__Dataset records__.
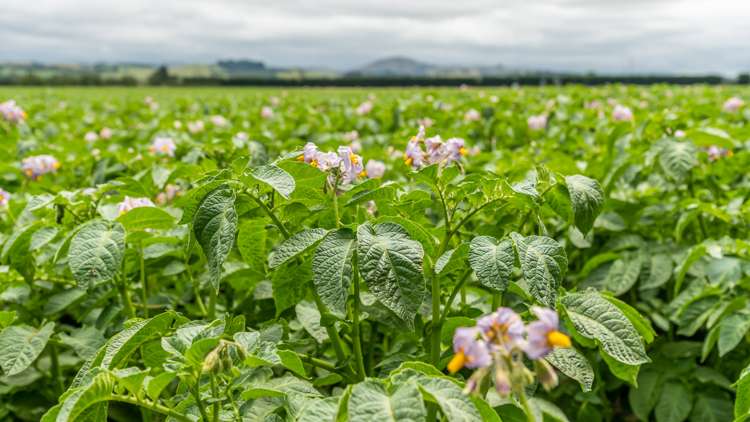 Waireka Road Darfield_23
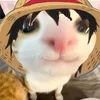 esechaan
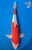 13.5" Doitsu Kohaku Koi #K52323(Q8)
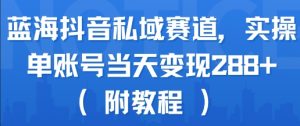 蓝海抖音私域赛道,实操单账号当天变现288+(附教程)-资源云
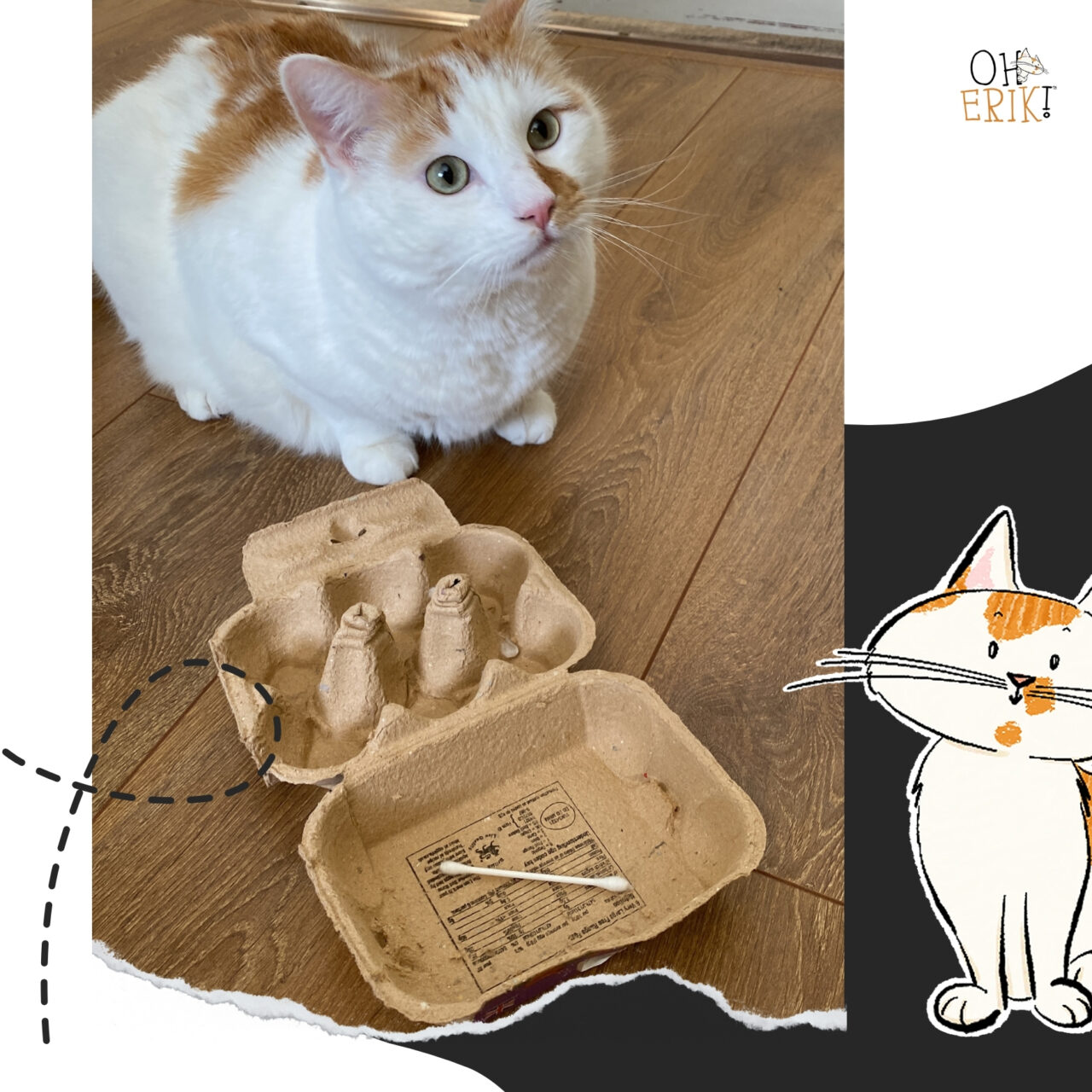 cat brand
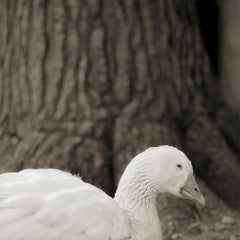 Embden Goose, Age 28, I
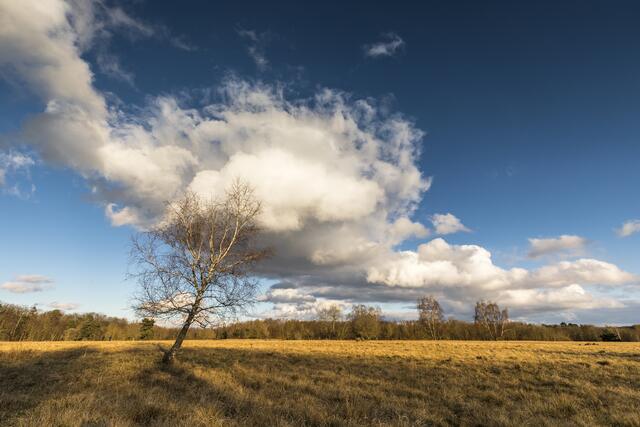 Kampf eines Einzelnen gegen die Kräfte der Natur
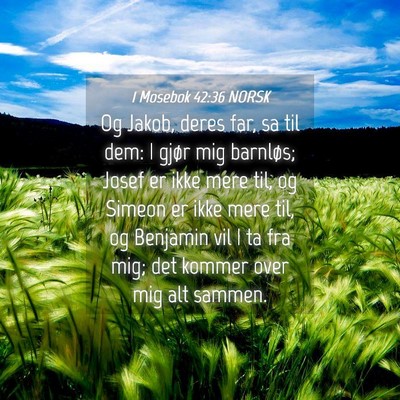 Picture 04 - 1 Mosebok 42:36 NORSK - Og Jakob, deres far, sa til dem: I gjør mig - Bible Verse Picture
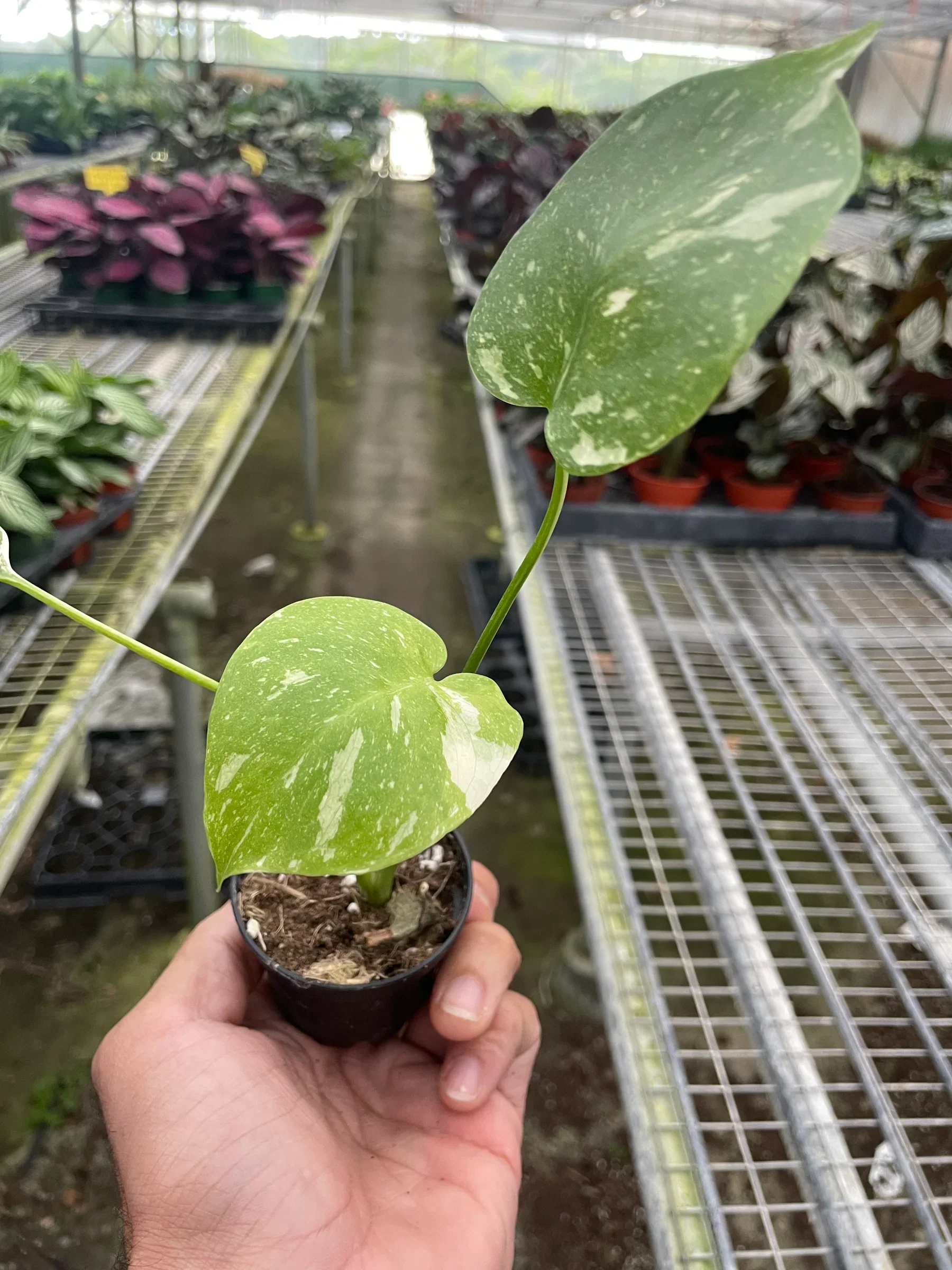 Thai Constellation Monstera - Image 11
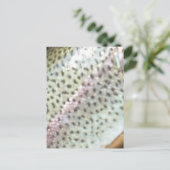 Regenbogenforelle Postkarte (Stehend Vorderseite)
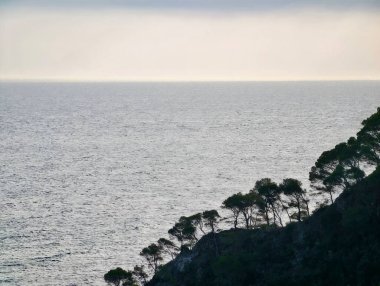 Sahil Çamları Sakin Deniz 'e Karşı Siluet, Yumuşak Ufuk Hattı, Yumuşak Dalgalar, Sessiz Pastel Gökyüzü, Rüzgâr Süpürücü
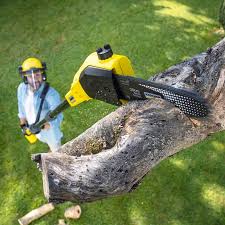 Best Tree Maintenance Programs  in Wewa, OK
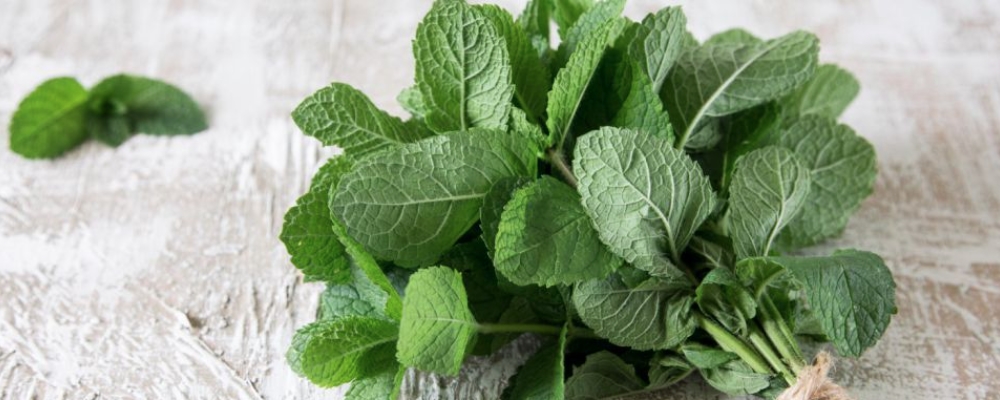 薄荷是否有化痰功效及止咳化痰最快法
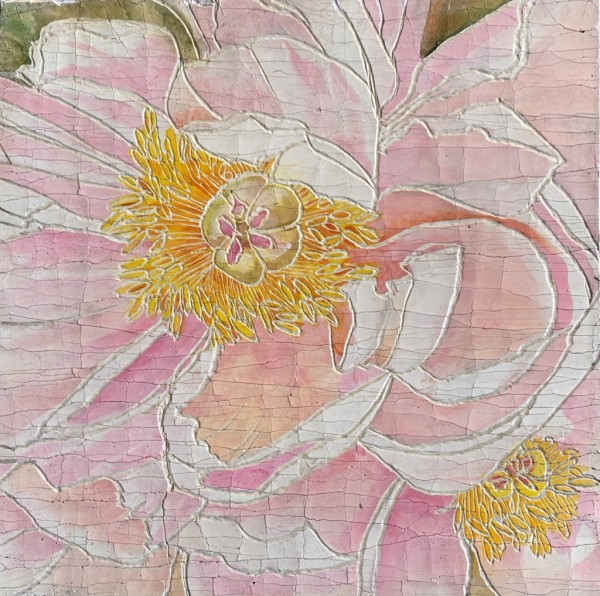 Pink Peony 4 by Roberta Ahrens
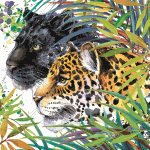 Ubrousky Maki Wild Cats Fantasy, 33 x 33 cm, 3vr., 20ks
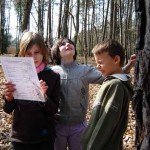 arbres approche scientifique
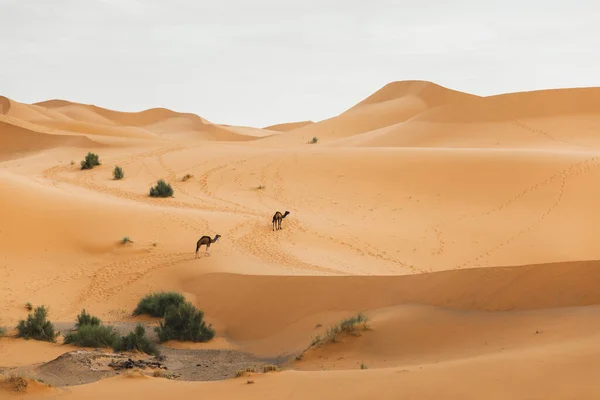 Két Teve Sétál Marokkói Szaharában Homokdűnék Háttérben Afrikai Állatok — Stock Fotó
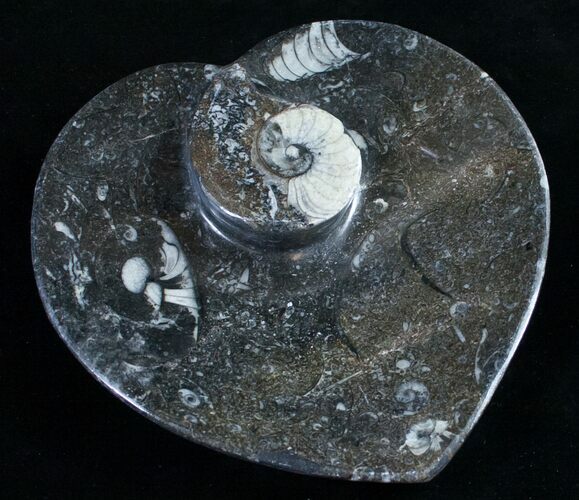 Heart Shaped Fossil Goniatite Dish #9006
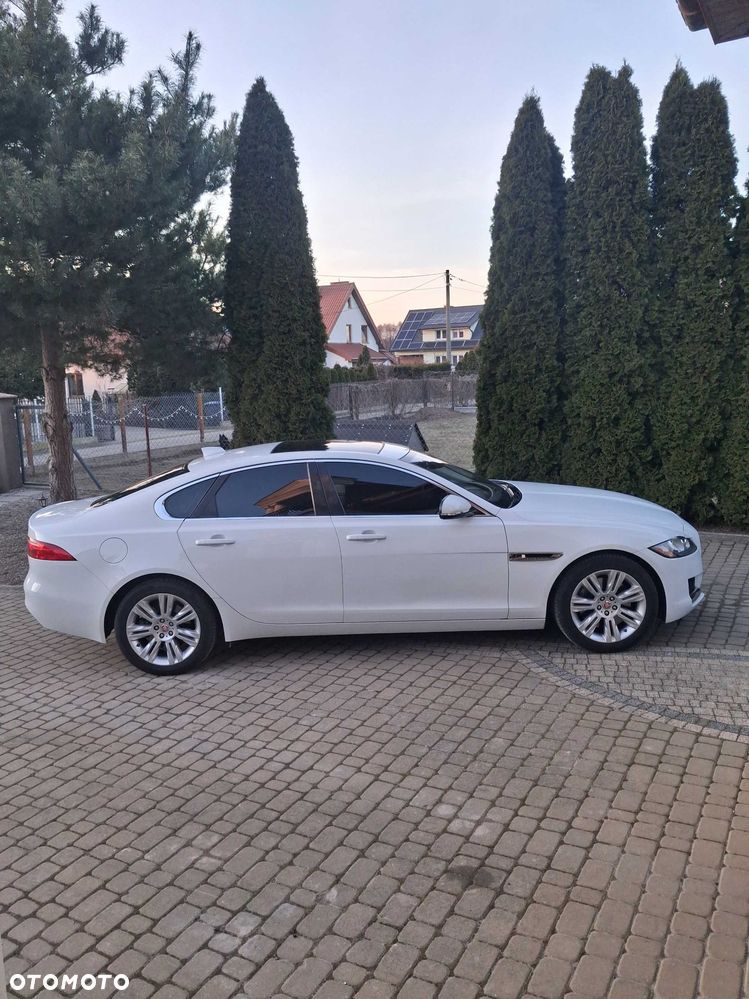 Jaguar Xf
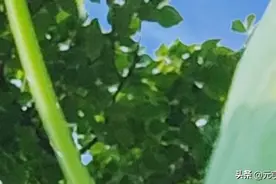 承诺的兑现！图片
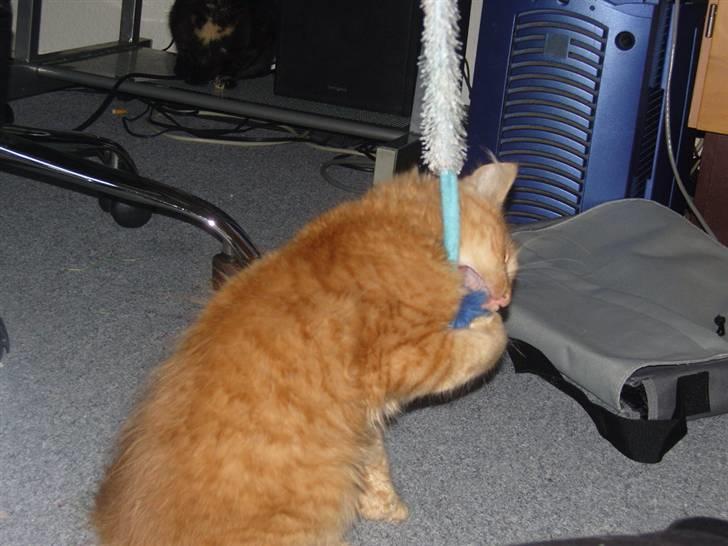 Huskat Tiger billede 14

__Task requirements__. Set down only the lines running from the line with "Kampf eines Einzelnen" to the end of the entries, inclusive; omit every picture.

__Exercise result__.
 Kampf eines Einzelnen gegen die Kräfte der Natur
 Picture 04 - 1 Mosebok 42:36 NORSK - Og Jakob, deres far, sa til dem: I gjør mig - Bible Verse Picture
 Thai Constellation Monstera - Image 11
 Regenbogenforelle Postkarte (Stehend Vorderseite)
 Sahil Çamları Sakin Deniz 'e Karşı Siluet, Yumuşak Ufuk Hattı, Yumuşak Dalgalar, Sessiz Pastel Gökyüzü, Rüzgâr Süpürücü
 Best Tree Maintenance Programs  in Wewa, OK
 薄荷是否有化痰功效及止咳化痰最快法
 Pink Peony 4 by Roberta Ahrens
 Ubrousky Maki Wild Cats Fantasy, 33 x 33 cm, 3vr., 20ks
 arbres approche scientifique
 Két Teve Sétál Marokkói Szaharában Homokdűnék Háttérben Afrikai Állatok — Stock Fotó
 Heart Shaped Fossil Goniatite Dish #9006
 Jaguar Xf
 承诺的兑现！图片
 Huskat Tiger billede 14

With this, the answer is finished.